*** DATASET CONTENT ***
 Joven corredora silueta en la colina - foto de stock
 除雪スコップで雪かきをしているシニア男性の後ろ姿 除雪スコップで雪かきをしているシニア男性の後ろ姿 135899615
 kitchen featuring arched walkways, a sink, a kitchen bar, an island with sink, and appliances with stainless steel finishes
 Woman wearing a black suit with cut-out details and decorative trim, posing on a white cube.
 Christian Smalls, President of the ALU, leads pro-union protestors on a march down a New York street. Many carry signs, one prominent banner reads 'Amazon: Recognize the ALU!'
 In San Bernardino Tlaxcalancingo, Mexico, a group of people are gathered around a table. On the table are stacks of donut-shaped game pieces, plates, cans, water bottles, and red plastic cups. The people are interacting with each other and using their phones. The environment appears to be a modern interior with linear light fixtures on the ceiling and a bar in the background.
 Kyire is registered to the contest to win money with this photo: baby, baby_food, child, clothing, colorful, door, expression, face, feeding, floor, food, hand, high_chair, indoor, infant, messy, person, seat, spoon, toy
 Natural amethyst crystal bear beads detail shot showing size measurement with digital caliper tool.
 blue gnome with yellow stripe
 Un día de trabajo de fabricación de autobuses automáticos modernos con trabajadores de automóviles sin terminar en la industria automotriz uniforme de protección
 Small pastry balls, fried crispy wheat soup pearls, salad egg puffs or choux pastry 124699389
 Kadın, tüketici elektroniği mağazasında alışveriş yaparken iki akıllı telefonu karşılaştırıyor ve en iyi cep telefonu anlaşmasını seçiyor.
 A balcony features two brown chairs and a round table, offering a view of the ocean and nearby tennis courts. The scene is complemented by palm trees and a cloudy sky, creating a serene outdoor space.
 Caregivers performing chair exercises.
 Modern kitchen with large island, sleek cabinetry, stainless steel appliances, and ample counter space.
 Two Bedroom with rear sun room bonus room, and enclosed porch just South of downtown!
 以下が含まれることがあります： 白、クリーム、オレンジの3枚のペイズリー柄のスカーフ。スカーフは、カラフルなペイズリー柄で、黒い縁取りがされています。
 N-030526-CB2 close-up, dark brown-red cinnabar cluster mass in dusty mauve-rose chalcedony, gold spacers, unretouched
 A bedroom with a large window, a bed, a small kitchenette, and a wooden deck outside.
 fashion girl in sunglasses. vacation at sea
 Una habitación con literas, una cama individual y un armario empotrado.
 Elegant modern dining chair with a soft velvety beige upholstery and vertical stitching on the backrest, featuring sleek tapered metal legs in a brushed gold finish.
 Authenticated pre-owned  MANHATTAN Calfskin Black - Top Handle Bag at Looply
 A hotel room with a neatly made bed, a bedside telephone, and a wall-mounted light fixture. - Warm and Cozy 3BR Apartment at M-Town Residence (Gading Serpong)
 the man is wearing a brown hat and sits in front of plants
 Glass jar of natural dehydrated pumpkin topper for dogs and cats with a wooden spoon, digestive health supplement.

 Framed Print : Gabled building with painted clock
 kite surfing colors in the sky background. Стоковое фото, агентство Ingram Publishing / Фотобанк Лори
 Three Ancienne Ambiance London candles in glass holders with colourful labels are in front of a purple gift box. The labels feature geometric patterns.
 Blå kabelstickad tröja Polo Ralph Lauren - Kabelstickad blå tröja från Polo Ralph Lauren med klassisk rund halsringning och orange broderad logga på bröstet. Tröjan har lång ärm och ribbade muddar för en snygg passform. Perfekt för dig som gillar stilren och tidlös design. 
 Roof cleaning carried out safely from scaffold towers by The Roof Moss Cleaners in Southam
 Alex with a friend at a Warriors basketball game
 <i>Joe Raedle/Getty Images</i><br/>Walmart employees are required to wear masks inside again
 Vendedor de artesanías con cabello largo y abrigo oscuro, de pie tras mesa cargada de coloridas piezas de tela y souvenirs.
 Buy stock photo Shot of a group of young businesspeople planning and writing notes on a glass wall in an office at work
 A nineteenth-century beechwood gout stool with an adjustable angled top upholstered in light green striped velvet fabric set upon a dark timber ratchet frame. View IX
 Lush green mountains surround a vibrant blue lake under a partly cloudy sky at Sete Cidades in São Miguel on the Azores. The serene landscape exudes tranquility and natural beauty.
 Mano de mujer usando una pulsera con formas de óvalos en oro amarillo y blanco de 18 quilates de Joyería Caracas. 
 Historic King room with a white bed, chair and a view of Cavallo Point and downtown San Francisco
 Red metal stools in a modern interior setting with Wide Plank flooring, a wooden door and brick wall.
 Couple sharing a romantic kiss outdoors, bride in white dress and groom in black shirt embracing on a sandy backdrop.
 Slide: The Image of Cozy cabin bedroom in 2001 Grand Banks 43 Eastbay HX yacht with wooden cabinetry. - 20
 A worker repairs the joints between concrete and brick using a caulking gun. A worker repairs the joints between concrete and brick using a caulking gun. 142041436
*** End of DATASET CONTENT ***
• PROBLEM
Gather all lines from the listing above in which "brown" occurs.

• WRITTEN SOLUTION
 A balcony features two brown chairs and a round table, offering a view of the ocean and nearby tennis courts. The scene is complemented by palm trees and a cloudy sky, creating a serene outdoor space.
 N-030526-CB2 close-up, dark brown-red cinnabar cluster mass in dusty mauve-rose chalcedony, gold spacers, unretouched
 the man is wearing a brown hat and sits in front of plants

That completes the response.